中国・中秋節の9月13日(金)の日、福州市内の三坊七巷地区に行った時に、ちょうど歴史的伝統服装などの展示をしていた建物に入り見学した。「漢服」の歴史を簡単に説明した掲示板やさまざまな漢服が展示されていた。
漢服(かんふく、中国語簡体字:汉服)は、中国の漢民族の伝統的な民族服のことで、漢装(かんそう)とも言う。紀元前2500年ごろから1644年の明王朝の滅亡までの約4000年間までの間、漢民族が代々着用していた民族衣装の総称が漢服。とりわけ、漢民族が王朝の中心となっていた「漢王朝」「唐王朝」「宋王朝」「明王朝」の時代には、それぞれの時代の漢服衣装がとくに開花した時代だ。「華夏一漢(中国を支配した異民族でも、最終的に漢民族に同化される)」という思想文化を背景として、形成された服装体系とも言える。

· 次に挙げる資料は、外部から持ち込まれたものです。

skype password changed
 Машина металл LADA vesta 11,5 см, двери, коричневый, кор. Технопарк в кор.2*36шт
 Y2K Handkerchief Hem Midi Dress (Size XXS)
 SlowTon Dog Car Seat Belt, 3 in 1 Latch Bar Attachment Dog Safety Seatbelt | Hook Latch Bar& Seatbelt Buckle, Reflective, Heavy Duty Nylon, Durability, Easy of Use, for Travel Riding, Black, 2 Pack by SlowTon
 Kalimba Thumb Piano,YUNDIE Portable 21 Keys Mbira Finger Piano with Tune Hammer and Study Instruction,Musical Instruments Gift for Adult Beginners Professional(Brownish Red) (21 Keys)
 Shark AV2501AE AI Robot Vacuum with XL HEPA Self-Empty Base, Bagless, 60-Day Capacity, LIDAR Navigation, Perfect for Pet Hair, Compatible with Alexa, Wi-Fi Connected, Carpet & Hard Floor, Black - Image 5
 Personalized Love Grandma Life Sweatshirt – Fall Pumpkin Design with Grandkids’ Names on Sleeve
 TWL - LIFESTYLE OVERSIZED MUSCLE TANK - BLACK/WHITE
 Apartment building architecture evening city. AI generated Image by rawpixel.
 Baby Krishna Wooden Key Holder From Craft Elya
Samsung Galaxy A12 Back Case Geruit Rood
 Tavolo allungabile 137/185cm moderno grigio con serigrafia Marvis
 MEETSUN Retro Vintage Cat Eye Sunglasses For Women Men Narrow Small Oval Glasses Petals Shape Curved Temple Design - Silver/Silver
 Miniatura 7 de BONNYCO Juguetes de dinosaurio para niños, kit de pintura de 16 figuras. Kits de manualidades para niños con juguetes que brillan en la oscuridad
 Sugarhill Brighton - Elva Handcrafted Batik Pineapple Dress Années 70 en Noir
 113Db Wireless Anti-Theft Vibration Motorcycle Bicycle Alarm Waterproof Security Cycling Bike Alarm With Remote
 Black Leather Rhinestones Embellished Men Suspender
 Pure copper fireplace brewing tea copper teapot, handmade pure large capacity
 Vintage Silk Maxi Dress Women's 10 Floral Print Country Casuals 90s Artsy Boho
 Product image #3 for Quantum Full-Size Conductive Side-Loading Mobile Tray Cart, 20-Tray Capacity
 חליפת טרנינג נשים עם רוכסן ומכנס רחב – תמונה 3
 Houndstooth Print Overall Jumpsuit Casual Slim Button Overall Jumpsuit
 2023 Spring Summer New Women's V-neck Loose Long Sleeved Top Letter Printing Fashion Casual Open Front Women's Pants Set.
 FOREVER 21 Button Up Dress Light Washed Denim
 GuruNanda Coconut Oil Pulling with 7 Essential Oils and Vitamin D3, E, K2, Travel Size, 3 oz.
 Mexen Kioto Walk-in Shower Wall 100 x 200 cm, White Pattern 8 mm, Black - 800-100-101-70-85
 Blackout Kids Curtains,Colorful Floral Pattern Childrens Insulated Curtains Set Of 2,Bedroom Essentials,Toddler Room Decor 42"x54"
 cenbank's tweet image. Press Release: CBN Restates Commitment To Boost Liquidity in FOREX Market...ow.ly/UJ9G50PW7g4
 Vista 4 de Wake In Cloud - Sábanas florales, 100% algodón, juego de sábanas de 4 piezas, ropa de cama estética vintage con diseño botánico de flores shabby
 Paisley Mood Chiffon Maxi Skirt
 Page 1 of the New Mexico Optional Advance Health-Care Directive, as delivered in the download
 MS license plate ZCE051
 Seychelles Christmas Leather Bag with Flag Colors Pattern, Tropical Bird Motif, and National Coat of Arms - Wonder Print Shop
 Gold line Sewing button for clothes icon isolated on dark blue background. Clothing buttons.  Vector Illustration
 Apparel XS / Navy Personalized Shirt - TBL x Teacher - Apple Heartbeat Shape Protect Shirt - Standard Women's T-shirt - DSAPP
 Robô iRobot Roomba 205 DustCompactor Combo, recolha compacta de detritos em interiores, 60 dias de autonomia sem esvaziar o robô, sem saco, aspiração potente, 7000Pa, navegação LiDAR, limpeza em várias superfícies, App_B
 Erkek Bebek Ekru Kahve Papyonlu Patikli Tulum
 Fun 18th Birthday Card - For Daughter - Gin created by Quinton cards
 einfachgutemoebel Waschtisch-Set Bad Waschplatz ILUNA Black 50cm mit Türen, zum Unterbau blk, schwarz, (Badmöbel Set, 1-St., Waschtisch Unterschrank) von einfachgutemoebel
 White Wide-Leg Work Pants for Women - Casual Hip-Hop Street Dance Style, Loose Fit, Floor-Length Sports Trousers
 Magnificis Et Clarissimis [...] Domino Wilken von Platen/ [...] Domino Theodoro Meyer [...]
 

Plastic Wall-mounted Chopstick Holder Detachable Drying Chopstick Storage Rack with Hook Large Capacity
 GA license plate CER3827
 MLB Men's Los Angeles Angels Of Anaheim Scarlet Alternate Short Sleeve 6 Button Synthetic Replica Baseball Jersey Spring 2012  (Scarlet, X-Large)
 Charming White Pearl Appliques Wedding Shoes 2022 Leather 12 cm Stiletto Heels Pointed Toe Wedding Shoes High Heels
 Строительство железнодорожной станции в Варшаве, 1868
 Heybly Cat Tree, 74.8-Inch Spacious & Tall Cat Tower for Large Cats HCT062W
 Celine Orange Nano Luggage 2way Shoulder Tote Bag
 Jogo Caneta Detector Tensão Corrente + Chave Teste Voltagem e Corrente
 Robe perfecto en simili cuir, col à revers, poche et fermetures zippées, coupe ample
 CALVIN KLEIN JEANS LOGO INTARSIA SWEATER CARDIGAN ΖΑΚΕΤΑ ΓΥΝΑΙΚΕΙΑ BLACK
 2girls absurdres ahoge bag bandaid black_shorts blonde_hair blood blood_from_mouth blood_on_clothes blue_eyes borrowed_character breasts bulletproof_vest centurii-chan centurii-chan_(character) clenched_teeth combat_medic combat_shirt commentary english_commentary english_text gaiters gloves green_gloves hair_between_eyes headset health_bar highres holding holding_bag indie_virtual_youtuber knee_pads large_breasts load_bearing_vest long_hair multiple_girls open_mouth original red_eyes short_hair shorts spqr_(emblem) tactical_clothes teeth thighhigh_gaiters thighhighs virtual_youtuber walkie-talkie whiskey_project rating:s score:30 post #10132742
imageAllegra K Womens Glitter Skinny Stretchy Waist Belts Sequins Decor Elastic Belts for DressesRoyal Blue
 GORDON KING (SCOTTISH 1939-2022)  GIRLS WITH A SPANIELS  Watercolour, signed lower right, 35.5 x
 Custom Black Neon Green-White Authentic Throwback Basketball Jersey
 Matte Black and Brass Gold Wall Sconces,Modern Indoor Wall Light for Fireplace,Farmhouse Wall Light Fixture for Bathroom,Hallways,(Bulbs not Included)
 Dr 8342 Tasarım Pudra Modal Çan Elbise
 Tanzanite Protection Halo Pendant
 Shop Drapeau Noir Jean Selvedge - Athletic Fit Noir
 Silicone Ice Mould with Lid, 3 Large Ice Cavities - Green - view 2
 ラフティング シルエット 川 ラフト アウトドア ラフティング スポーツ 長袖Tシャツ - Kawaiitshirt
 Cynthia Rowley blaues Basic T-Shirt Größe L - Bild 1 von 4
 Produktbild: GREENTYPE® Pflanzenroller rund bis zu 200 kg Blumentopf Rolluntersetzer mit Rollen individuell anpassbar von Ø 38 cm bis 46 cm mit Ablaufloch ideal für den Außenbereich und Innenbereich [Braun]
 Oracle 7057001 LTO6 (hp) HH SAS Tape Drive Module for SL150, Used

日本の飛鳥時代・奈良時代の和服(万葉服)は、中国の隋王朝と唐王朝の漢服の影響を受けたものである。また、朝鮮半島(韓国・北朝鮮)のチョゴリ服も、中国の漢服の影響を受けたものである。また、ベトナムの民族衣装「アオザイ」も少なからず漢服の影響を受けている。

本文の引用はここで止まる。